E-mail from one of those who'll be attending the tour of my demolished prep school grounds next week, congratulated Sue - based in Cyprus - who's co-ordinating things on the internet:
Sue, Your industry astonishes me. All in aid of a bunch of geriatrics on a wild goose chase looking at something that is not there any more. But the ways of the human mind are unfathomable and nostalgia can be a mighty powerful thing!
Another e-mail from someone else with whom I was at school long ago:
Simon old Cheese, Did my cryptic email not strike a chord?
Cheese? Somewhere in the recesses of our attic there’s a painting called ‘Lord Mousy’. Paint laid on thicker than slap on an old actor. I must try to find it. Best, Simon
What have you been up to since 1955? Max 30 words.
30 words.
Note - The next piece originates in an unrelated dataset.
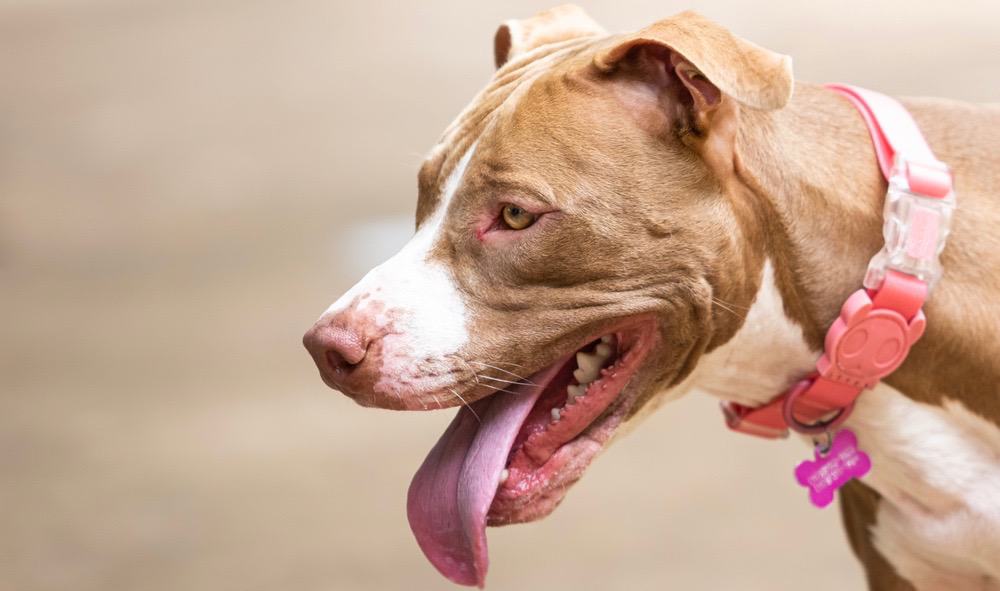 Corte Da Orelha Do Filhote de cachorro Pitbull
Phew! [but with the magic of hyperlink...] Westminster, Cambridge, then by sailboat across the Atlantic. University of Pennsylvania, Tavistock Institute, Michigan U, Birmingham U. Remarried. Son daughter. Environmentalist, academic, traveller, working from Ano Korakiana, Corfu and Handsworth.
I’m so looking forward to seeing you and others on Nov 1. I don’t think I’m over-inclined to idealise the past, but the more I live the more I value the way we learned at Ashfold. I came there aged 7, rescued by my new step-father from a long closed abusive prep school in Berkshire. He with my mother took a lot of time looking for Ashfold, determined to ensure no repetition of the earlier mistake – about which my wonderful mother, at 91, still feels guilt while I entertain no iota of blame. I had nothing like so bad a time at that place as others, but it left apprehensions that Ashfold exorcised - like something out of David Copperfield including the happy endings Dickens liked to give his readers. Best wishes, Simon
* * * On the 30 October until the 2 November 2008 there will run, in Athens, the 13 International Anti-Corruption Conference': 'Global transparency -fighting corruption for a sustainable future'. Among the opening speakers will be Sotiris Hatzigakis, Minister of Justice who's recently overseen the passing of new anti-corruption legislation, Dimitrios G. Sioufas, President of the Hellenic Parliament and Kostas Karamanlis, Prime Minister. Also there will be Costas Bakouris, Chair, Transparency International (Greece) (English version of the website under construction), who said recently:
"The biggest problem is that lack of transparency has almost become part of our culture (incomplete webpage). Many Greeks have accepted that they need to bribe to get the job done. On the one hand, there's indignation about the situation. But on the other hand, it's also tolerated. Our country has arguably the highest degree of tolerance towards corruption in the world."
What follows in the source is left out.